<<<<
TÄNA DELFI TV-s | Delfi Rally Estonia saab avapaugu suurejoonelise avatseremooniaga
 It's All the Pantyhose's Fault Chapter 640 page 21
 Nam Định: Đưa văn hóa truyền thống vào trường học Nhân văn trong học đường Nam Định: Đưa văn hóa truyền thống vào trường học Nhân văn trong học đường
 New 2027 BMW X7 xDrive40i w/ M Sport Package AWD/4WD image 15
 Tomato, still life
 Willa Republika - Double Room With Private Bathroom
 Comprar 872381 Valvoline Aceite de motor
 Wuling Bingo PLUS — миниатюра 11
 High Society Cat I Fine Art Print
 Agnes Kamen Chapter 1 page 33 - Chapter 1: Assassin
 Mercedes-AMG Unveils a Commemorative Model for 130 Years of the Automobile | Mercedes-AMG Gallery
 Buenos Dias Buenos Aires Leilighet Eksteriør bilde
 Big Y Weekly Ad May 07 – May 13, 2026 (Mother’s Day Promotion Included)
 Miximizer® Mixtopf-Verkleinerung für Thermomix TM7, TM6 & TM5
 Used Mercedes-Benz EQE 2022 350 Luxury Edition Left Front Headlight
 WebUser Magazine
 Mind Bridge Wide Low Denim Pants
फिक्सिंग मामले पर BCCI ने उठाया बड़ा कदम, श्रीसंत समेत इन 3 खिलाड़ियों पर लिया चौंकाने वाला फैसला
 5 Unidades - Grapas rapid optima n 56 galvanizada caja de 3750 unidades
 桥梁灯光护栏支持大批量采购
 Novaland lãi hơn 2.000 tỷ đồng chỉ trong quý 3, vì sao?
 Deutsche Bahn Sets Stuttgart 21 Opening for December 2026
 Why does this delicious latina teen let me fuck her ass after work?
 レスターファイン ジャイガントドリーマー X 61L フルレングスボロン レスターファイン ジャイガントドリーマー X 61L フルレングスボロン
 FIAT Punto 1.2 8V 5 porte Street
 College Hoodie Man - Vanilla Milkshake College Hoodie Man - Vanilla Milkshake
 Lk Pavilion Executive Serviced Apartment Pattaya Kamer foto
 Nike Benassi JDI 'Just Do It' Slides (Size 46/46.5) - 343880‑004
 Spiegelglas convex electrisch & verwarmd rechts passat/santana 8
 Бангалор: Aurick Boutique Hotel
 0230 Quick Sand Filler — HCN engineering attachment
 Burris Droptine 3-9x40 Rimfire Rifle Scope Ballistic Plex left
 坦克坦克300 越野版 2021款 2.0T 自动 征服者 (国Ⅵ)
>>>>
What is needed:
Exactly as they appear, restate all of the entries.

Response to the exercise:
TÄNA DELFI TV-s | Delfi Rally Estonia saab avapaugu suurejoonelise avatseremooniaga
 It's All the Pantyhose's Fault Chapter 640 page 21
 Nam Định: Đưa văn hóa truyền thống vào trường học Nhân văn trong học đường Nam Định: Đưa văn hóa truyền thống vào trường học Nhân văn trong học đường
 New 2027 BMW X7 xDrive40i w/ M Sport Package AWD/4WD image 15
 Tomato, still life
 Willa Republika - Double Room With Private Bathroom
 Comprar 872381 Valvoline Aceite de motor
 Wuling Bingo PLUS — миниатюра 11
 High Society Cat I Fine Art Print
 Agnes Kamen Chapter 1 page 33 - Chapter 1: Assassin
 Mercedes-AMG Unveils a Commemorative Model for 130 Years of the Automobile | Mercedes-AMG Gallery
 Buenos Dias Buenos Aires Leilighet Eksteriør bilde
 Big Y Weekly Ad May 07 – May 13, 2026 (Mother’s Day Promotion Included)
 Miximizer® Mixtopf-Verkleinerung für Thermomix TM7, TM6 & TM5
 Used Mercedes-Benz EQE 2022 350 Luxury Edition Left Front Headlight
 WebUser Magazine
 Mind Bridge Wide Low Denim Pants
फिक्सिंग मामले पर BCCI ने उठाया बड़ा कदम, श्रीसंत समेत इन 3 खिलाड़ियों पर लिया चौंकाने वाला फैसला
 5 Unidades - Grapas rapid optima n 56 galvanizada caja de 3750 unidades
 桥梁灯光护栏支持大批量采购
 Novaland lãi hơn 2.000 tỷ đồng chỉ trong quý 3, vì sao?
 Deutsche Bahn Sets Stuttgart 21 Opening for December 2026
 Why does this delicious latina teen let me fuck her ass after work?
 レスターファイン ジャイガントドリーマー X 61L フルレングスボロン レスターファイン ジャイガントドリーマー X 61L フルレングスボロン
 FIAT Punto 1.2 8V 5 porte Street
 College Hoodie Man - Vanilla Milkshake College Hoodie Man - Vanilla Milkshake
 Lk Pavilion Executive Serviced Apartment Pattaya Kamer foto
 Nike Benassi JDI 'Just Do It' Slides (Size 46/46.5) - 343880‑004
 Spiegelglas convex electrisch & verwarmd rechts passat/santana 8
 Бангалор: Aurick Boutique Hotel
 0230 Quick Sand Filler — HCN engineering attachment
 Burris Droptine 3-9x40 Rimfire Rifle Scope Ballistic Plex left
 坦克坦克300 越野版 2021款 2.0T 自动 征服者 (国Ⅵ)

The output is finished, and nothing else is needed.